__EXERCISE DETAILS__:
Print the lines below from the line with "Sterling 925 Silver" to the line with "Escultura Decorativa Homens" exactly, keeping both ends, and print no pictures.

__INPUT DATA__:
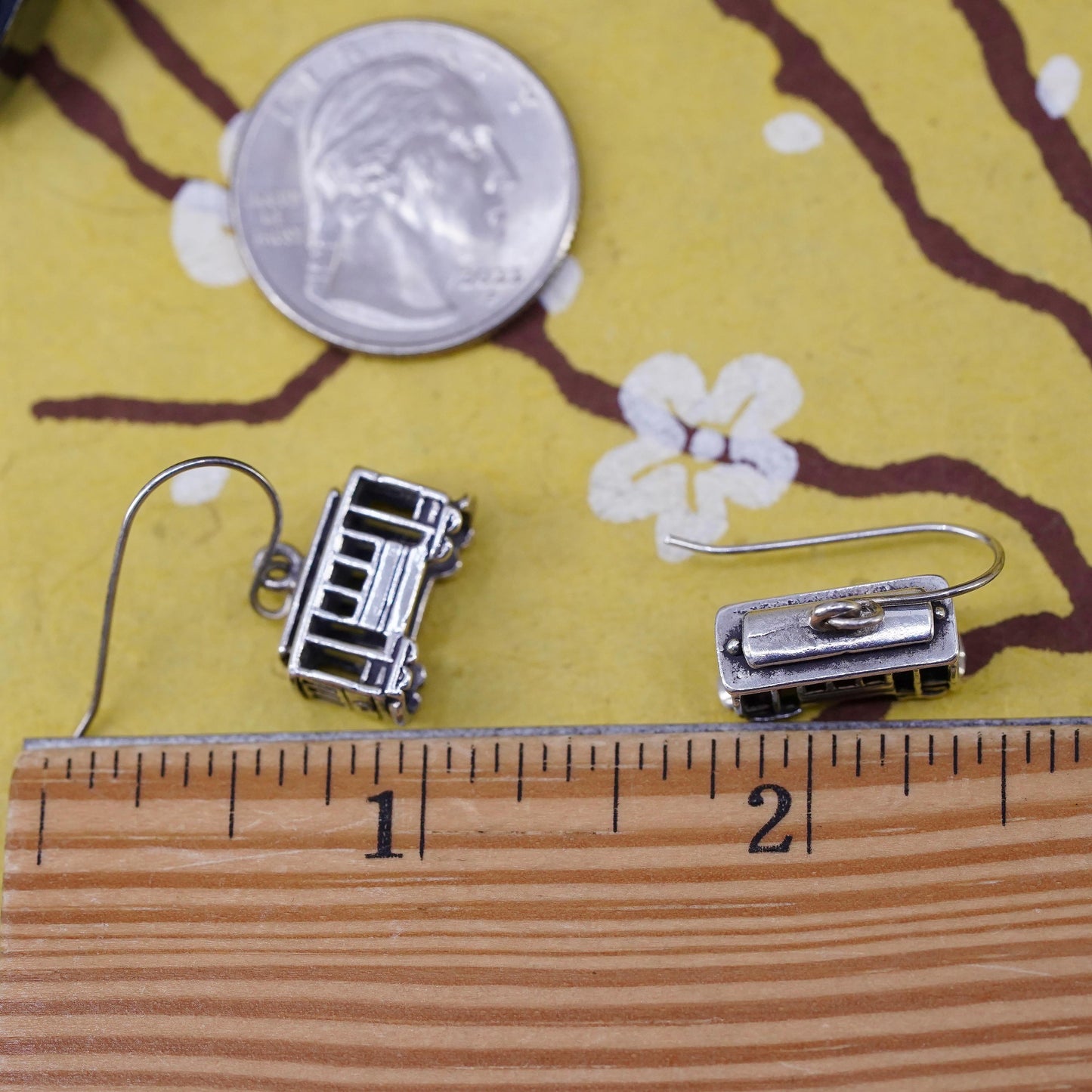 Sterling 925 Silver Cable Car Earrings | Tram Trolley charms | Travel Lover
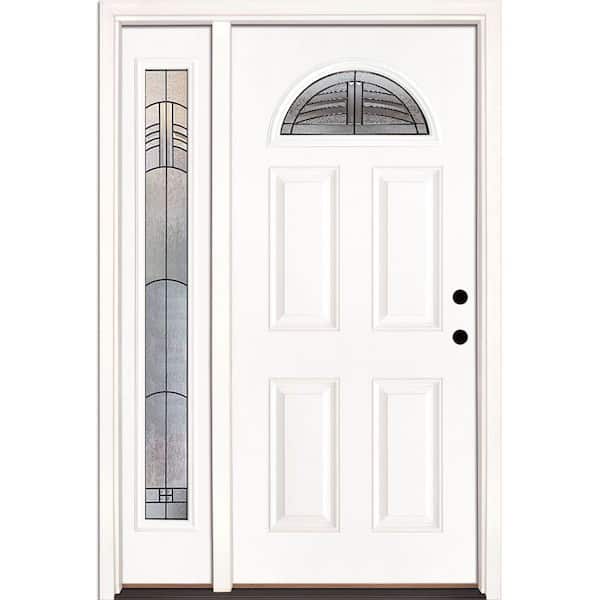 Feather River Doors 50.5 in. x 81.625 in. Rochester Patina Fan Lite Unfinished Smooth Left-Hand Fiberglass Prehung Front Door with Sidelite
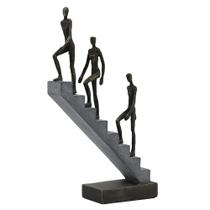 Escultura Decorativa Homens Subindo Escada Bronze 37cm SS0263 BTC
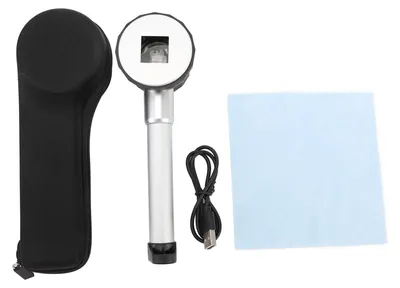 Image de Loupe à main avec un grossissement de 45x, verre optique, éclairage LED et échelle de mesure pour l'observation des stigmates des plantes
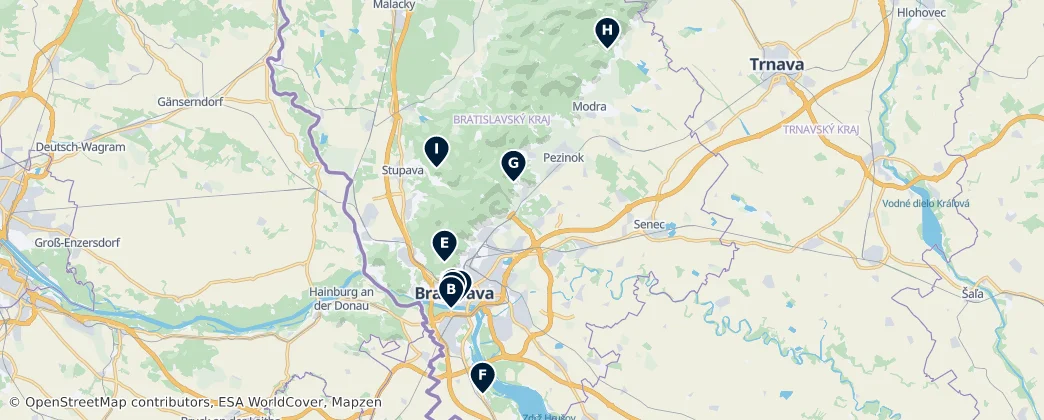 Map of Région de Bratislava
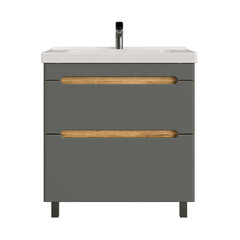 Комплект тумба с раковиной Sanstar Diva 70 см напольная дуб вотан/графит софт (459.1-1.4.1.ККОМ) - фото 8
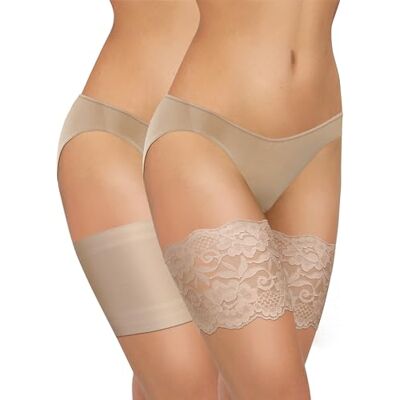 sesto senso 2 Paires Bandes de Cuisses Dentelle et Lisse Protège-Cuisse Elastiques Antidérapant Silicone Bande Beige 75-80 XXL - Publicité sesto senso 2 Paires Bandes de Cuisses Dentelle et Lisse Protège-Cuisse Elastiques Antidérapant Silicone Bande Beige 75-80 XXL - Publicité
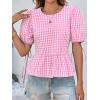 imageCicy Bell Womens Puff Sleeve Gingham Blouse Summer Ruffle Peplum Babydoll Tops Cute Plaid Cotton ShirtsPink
==
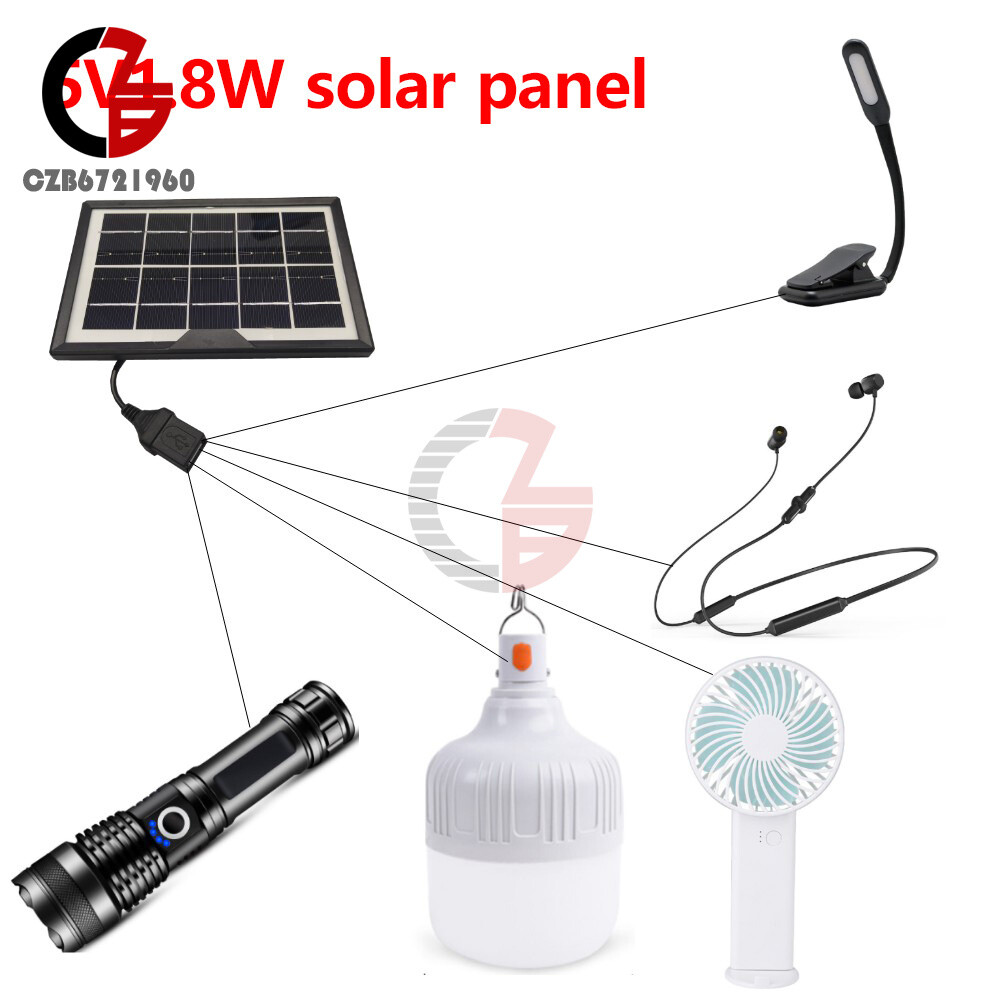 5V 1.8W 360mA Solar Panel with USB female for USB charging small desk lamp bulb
---
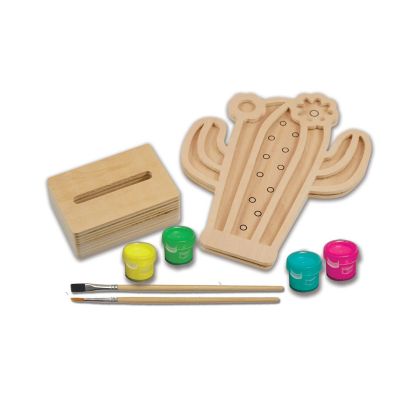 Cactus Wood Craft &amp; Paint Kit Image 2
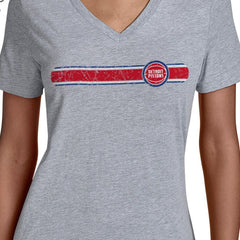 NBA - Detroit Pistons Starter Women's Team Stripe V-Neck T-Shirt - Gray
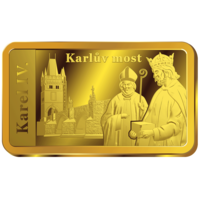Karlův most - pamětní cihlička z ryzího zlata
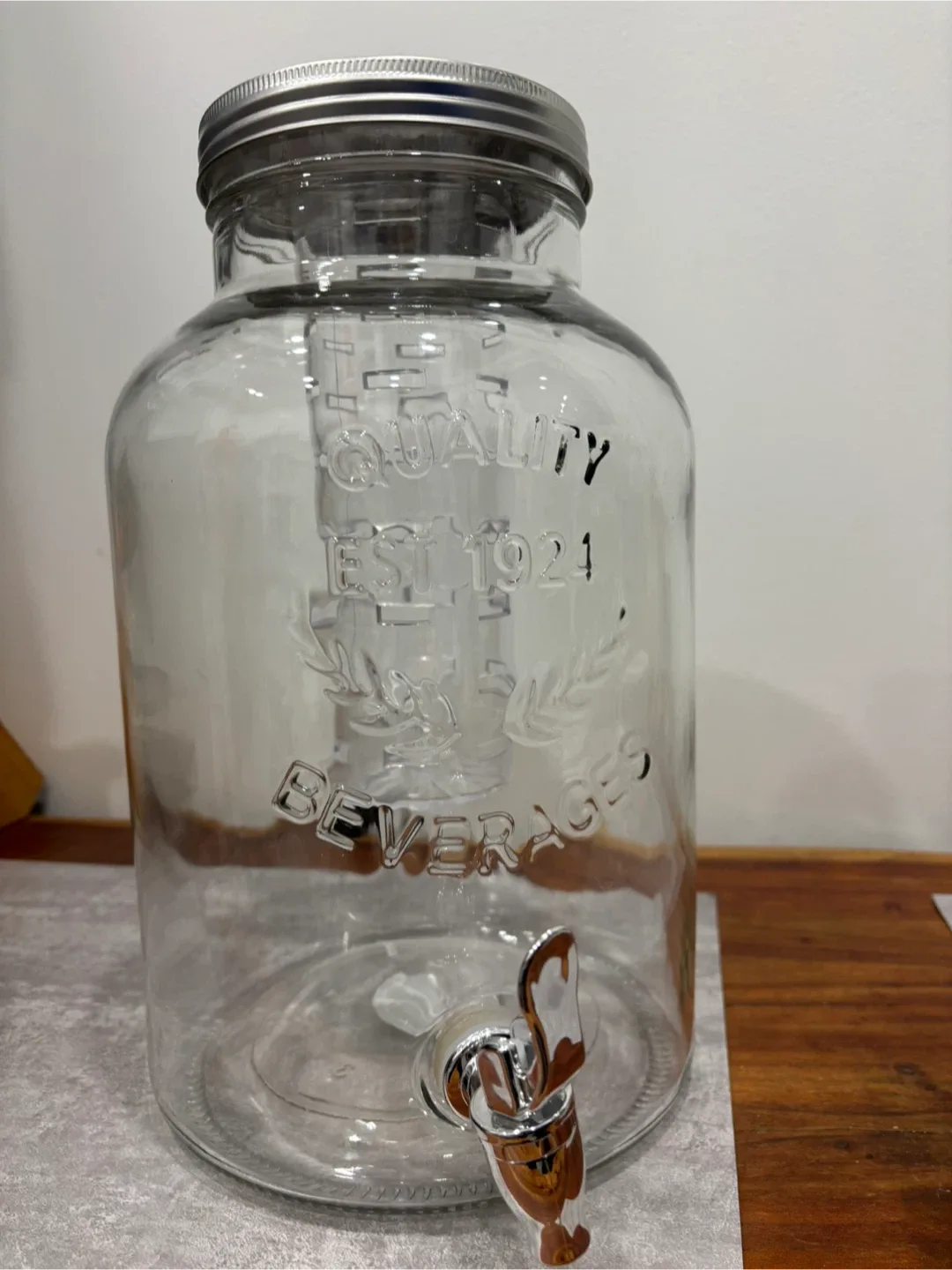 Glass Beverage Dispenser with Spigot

__TASK ANSWER__:
 Sterling 925 Silver Cable Car Earrings | Tram Trolley charms | Travel Lover
 Feather River Doors 50.5 in. x 81.625 in. Rochester Patina Fan Lite Unfinished Smooth Left-Hand Fiberglass Prehung Front Door with Sidelite
 Escultura Decorativa Homens Subindo Escada Bronze 37cm SS0263 BTC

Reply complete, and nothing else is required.